Residents of the Chicago metropolitan area will soon be able to enjoy some of Illinois' restored prairies and wetlands along the DesPlaines River Valley.

Donald Strenger (left), president of the Lake County Forest Preserve District, studies construction plans with Patrick Wilson (center), district commissioner, and Dr. Donald Hey, director of Wetlands Research, Inc. The Des Plaines River is in the background.

By Patrick Wilson

During the next three years the Lake County Forest Preserve District is going to be making history — "natural" history — by participating in a research project which will serve as a national model. It will also leave Lake County with a 450-acre site rich in recreational, aesthetic and environmental benefits.

The district and its partner, Open Lands Project, have set up Wetlands Research, Inc., a nonprofit organization, to carry out the Des Plaines River Wetlands Demonstration Project. This project will reconstruct a former wetland bordering a two-mile stretch of the Des Plaines River in Wadsworth, IL.
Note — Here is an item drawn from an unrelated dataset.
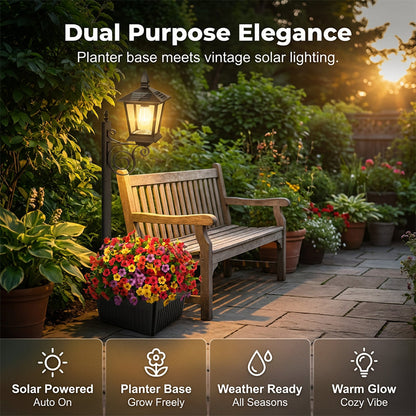 🌙🛒 -50% ! 🪴Lampe Solaire de Jardin à Base Jardinière – Charge Autonome, IP65 & Lumière Blanc Chaud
The site, a part of the district's almost 13,000 acres of forest, fields and wetlands, was badly degraded over the last century as a result of economic activities. Today it retains scarcely a trace of the native prairie and wetland habitats it formerly offered to a rich diversity of wildlife. The river bed itself is channelized, and the poor water quality coursing through it nurtures little more than the all-too-present carp.

Project details

The project will begin by widening the channel and regrading the adjoining land into a gradually sloping flood plain characterized by wetland "saucers," where water will be controlled and monitored. The transformation process will be speeded along by an irrigation system which will move water to the site perimeter and allow it to return, gradually, to the channel. Native prairie and wetland plant communities will be introduced, spawning and breeding areas created, and the site repopulated with fish and wildlife.


Illinois Parks and Recreation 12 March/April 1985


Natural wetlands have long been known for the great variety of fascinating plants and animals they support. The presence of water, the abundance of food and the variety of protective cover attract ducks and geese, provide spawning ground for pike and blue gill, and nurture many of our endangered species.
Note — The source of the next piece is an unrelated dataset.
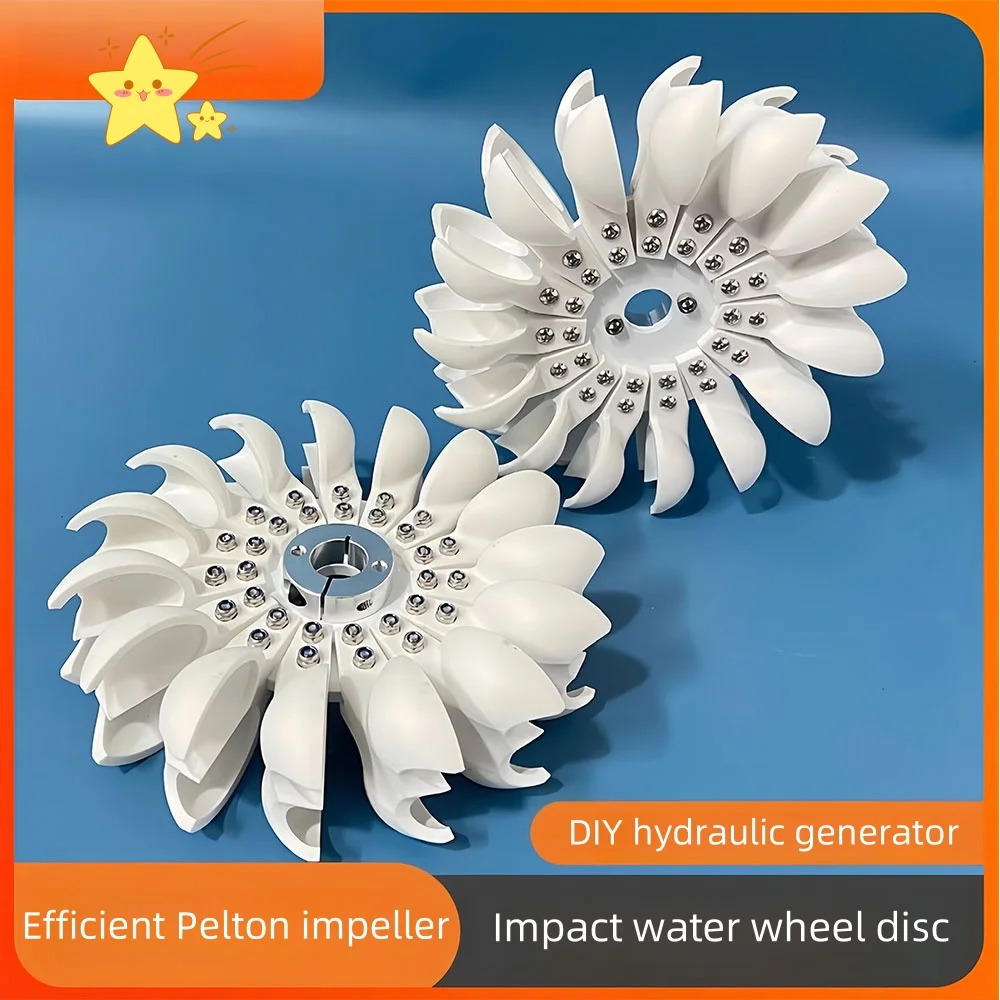 High-efficiency Pelton Impeller Impact Water Wheel Bucket Disk DIY Hydro Generator.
This fascinating array of wildlife, in turn, delights naturalists, educates children, rewards fishermen and generally enriches the lives of the people who have access to it. This recreated wetland, situated securely within the forest preserve district's boundaries, will bring pleasure to the entire metropolitan area with nature walks, canoe trails and educational programs.

Wetlands support plants and animals.

How they help

Natural wetlands are almost as well known for their ability to serve as retention basins for flood waters. The run-off from snowmelt or heavy rains spreads gently and harmlessly across a wetland. In channelized, steep-sided streams, like the portion of the Des Plaines which now traverses the site, floodwaters move rapidly onward to do damage downstream. The Des Plaines site, once the channel walls are flattened and the old levies removed in the creation of the wetlands, promises hundreds of acre feet of flood storage capacity.
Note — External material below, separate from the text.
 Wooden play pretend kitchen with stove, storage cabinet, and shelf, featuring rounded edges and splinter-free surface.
However, natural wetlands are much less well known for their ability to cleanse and purify the water that flows through them. As water slows it drops its load of sediment, while the plants filter and capture the finer sediments. Nutrient balance is achieved and algal blooms controlled.

Experiments around the country are bringing in new data every day about the ability of wetlands to absorb and contain phosphorus and nitrogen, and even heavy metals. The reconstructed wetland on the Des Plaines will provide water quality benefits but, more than that, it will add to the increasing body of data on what those benefits are.

Natural wetlands purify the water.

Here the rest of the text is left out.